OK, this conversation has gone awry. I do not want to be talking to Steve Logan about what I might or might not like out of a proposal.

“So, what else is new?” I ask brightly, handing his phone back to him. “Give me the gossip.”

“New outlet store’s opened in West Warreton,” he informs me. “It does Ted Baker, Calvin Klein….”

“Great!”

“I know you have Ted Baker in London, but we’ve got it here now. I’m just saying.” Steve gives me one of his passive–aggressive looks. “You know. Just saying.”

“Right—”

“I mean, I know you think you’ve got everything in London, but—”

“I don’t think I’ve got everything in London,” I cut him off. Steve has always been chippy about London, and the trick is not to talk to him about it.

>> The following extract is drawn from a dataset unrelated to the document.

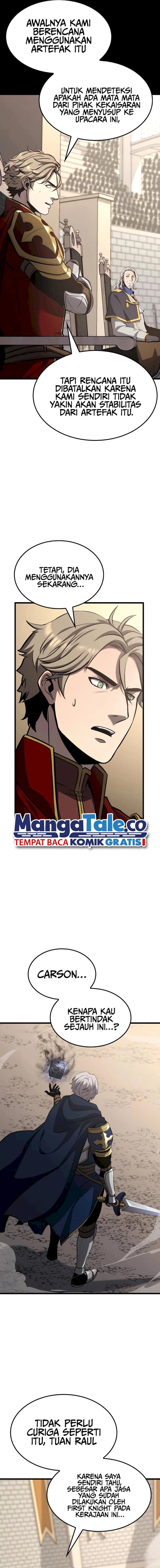 The Count’s Youngest Son Is A Player! - Chapter 56 - Page 3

“We’ve got Ted Baker.” He eyes me as though he’s proved some massive point. “Discount.”

This is torture.

“Biddy!” I call lightly, but she doesn’t hear me. “Well, anyway.” I summon my most pleasant tones. “Best of luck with the wedding—”

“I could break up with her.” He speaks in low tones, leaning toward me.

“What?”

“If you say the word.”

“What?” I stare at him, aghast. “Steve, if you want to break up with her, you shouldn’t be marrying her!”

“I’m not saying I want to break up with her. But I would. You know. If you and me…” He makes a weird motion with his hands. I don’t even want to think about what he’s trying to describe.

“No! I mean…that’s never going to happen. Steve, you’re engaged.”

“I never gave up on you. Did you give up on me?”

“Yes, I did! I totally gave up on you!” I’m hoping to shock him into reality, but his expression doesn’t change.

“Think about it,” he says, taps his phone, and winks.

He’s insane.

“I’m really happy you’re engaged,” I say briskly. “I’m sure you’ll have a wonderful life together. I must go and help Biddy.”

As I leave the room, I want to scream. And Biddy asks me if I want to move back here? She must be bloody joking.